Proximity.jpg (29400 bytes)


Now bring up one instrument at a time.  Start with the one playing the secondary melody (the one that most complements the vocal melody).  It should be sufficiently loud that the melodic relationship between it and the vocal is apparent and complementary.  (Channel EQ may be required to get the instrument to fit in with the vocals**.)  Then bring up the instrument playing the tertiary melody, again so that the melodic relationships properly complement each other.  Keep adding instruments until all of the melody instruments are in the mix and properly interacting.  (Remember that we do not necessarily want to make the instruments equal in volume, we are interested in the way that the melodies complement and counter each other.)

** When using the channel EQ, many tend to go to boost as the first adjustment.  Owing to mic proximity effect, instrument resonances, speaker resonances, and room resonances, it is much more likely that you have too much of something, as opposed to too little of something else.  (And it's usually between 80Hz and 250Hz.)  Use the EQ to cut something instead.  A case in point: at one gig, the acoustic guitar sounded great on its own, but was either buried in the mix or made a mess of things when turned up.  So, we gave it something to make it "cut through"  Boosted 3k - nope.  2k - nope.  1k - brash.  800 - awful.  We switched gears and cut 200: hmmm.  300: what the guitarist was playing now fit right in with the rest of the ensemble.

Bring up the bass instrument.  Although the bass is second in rhythmic importance to the drums, the bass has a melodic content and so is brought up first to interact with the other melodies, and also give the music "weight", "drive", "power", (insert your favorite and preferably non-anatomical adjective here).

Bring up the kick.  The kick must punctuate the rhythm but not cover up the bass - or anything else.  EQ accordingly.  Unlike what one often hears, the kick drum is NOT the lead instrument in the ensemble!  The snare (which is likely too loud already) and hi-hat must blend with the kick to form a kit that gives a coherent rhythm that sets the physical feeling of the song.  The kit must not overpower the rest of the band.  With the drums mixed in correctly, all of the instrumental and vocal lines will seem properly timed.  (The less the audience has to work at feeling the rhythm, the longer they stay and the more they drink, which means more money in the bar owner's pocket, which means you get asked back, maybe for more money :-)

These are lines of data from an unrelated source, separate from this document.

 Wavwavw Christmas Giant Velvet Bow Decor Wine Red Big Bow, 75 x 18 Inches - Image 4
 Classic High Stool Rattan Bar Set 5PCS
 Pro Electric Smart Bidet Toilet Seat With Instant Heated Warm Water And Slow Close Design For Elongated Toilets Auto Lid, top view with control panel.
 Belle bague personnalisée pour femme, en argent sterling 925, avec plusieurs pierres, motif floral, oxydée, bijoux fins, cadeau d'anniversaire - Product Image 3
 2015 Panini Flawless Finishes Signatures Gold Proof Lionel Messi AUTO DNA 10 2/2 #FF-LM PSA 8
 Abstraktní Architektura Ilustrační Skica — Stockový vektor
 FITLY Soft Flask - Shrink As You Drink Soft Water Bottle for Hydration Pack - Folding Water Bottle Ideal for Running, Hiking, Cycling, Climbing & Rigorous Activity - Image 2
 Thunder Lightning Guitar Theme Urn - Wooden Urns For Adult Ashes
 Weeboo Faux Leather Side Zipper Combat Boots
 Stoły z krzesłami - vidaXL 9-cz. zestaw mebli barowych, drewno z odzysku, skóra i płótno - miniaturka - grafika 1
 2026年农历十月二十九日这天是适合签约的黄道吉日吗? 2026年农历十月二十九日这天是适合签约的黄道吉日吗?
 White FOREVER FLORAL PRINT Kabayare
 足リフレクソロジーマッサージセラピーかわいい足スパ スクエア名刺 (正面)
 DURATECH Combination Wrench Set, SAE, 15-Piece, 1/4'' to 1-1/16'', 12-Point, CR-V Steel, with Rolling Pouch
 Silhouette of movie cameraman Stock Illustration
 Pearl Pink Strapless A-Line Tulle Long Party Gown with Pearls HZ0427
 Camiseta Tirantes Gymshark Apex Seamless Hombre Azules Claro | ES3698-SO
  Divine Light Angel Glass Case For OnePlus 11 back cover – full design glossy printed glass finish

You are pretty much done now, except that the vocals may be getting a bit buried.  The system should have sufficient headroom for you to raise the vocals up to where they need to be.  Make any touch-ups that may be necessary.  As the set progresses, keep in mind that when it seems that something needs to come up, it's just as likely that something else needs to come down instead.   Don't forget that over the course of an evening of overly loud music, our ears "mush out": they become desensitized, especially to high frequencies.  Booze and nicotine increase this tendency.  This is why the band members turn up their already too-loud amps.  If you don't remember this, your mix, or at least your frequency balance, will most likely be destroyed as the night progresses:  "It needs a little more of this" then "a little more of that".  By the third set you'll have added a little more of everything six times and will have a loud mess on your hands.   My personal rule is no booze until halfway through the second set, and even if I'm just drinking water, basic levels and EQ are left alone after that point, unless a band member makes a change that necessitates a compensating alteration in level or EQ.  (In other words, once it's working, don't fix it.)